Chapter 5 – Tera-Tom’s Top Tips

“Let me once again explain the rules. Tera-Tom Rules!”

-Tera-Tom fan

Tera-Tom's Top Tips

1. When given a choice between using a join or a subquery, use
the join.

2. Change your expression's subselects by moving the subselect from the WHERE clause to the FROM clause or by rewriting it as a join.

3. Use an inner subquery to shrink the size of data on which outer queries needs to operate. Likewise, use an inner subquery to shrink the size of a relation before the data is redistributed on a different distribution key.

4. Avoid per-row functions or delay them. Group rows first, and then apply the function.

5. Avoid doing JOINs, GROUP BYs, and WHERE clauses on data types that are non-native.

6. EXPLAIN should be used before any new query.

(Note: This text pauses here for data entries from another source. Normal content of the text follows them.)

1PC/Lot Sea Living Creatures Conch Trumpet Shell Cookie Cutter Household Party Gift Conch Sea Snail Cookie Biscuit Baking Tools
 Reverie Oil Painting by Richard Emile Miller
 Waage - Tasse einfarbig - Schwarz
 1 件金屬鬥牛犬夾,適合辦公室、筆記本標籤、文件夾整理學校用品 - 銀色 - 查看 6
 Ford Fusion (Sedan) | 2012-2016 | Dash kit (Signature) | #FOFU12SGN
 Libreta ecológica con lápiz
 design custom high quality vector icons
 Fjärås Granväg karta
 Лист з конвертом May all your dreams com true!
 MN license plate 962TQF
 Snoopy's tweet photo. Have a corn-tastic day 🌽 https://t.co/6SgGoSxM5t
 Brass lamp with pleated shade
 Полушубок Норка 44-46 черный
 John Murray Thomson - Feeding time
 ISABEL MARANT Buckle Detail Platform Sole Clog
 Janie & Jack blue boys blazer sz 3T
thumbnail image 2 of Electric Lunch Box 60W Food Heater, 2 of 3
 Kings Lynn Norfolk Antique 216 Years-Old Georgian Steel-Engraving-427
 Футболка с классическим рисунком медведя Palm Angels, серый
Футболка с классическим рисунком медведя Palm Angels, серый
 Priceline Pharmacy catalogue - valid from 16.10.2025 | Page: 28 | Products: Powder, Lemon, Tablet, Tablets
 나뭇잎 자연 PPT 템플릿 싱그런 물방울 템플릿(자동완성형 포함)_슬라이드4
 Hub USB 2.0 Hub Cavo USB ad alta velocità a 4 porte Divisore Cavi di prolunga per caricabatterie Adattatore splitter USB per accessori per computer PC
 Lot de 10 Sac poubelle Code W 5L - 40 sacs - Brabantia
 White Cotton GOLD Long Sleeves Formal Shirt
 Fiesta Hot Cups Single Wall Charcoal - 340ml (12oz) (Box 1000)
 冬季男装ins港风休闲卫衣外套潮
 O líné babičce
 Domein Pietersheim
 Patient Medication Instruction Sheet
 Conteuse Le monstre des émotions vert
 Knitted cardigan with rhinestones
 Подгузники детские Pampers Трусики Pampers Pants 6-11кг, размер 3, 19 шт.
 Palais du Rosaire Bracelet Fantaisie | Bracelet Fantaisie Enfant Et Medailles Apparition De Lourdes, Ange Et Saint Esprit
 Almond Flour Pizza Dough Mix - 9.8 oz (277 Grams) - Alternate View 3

Above are tips for your consideration. The larger the data, the more you will need them.

Tera-Tom's Top Tips # 2

2. Change your expression's subselects by moving the subselect from the WHERE clause to the FROM clause or by rewriting it as a join.

    Subquery here:

SELECT * FROM Customer_Table

WHERE Customer_Number IN
   (SELECT Customer_Number FROM Order_Table
    WHERE Order_Date IS NOT NULL) ;

    Rewritten as a join

SELECT C.* FROM Customer_Table as C,
                                   Order_Table as O

WHERE C.Customer_Number = O.Customer_Number AND Order_Date IS NOT NULL ;

Above are tips for your consideration. The larger the data the more you will need them.

Tera-Tom's Top Tips #3

3. Use an inner subquery to shrink the size of data on which outer queries needs to operate. Likewise, use an inner subquery to shrink the size of a relation before the data is redistributed on a different distribution key.

SELECT inv.product_id,
SUM(s.sales_quantity * (inv.unit_list_price - inv.cost) - s.discount_amount)
AS total_profit
FROM Sales_Table AS s,
            Inventory_Table as inv
WHERE s.product_id = inv.product_id
AND s.sales_date > '01-Jan-2013'
GROUP BY inv.product_id;

This query will be rewritten

Above are tips for your consideration. The larger the data the more you will need them.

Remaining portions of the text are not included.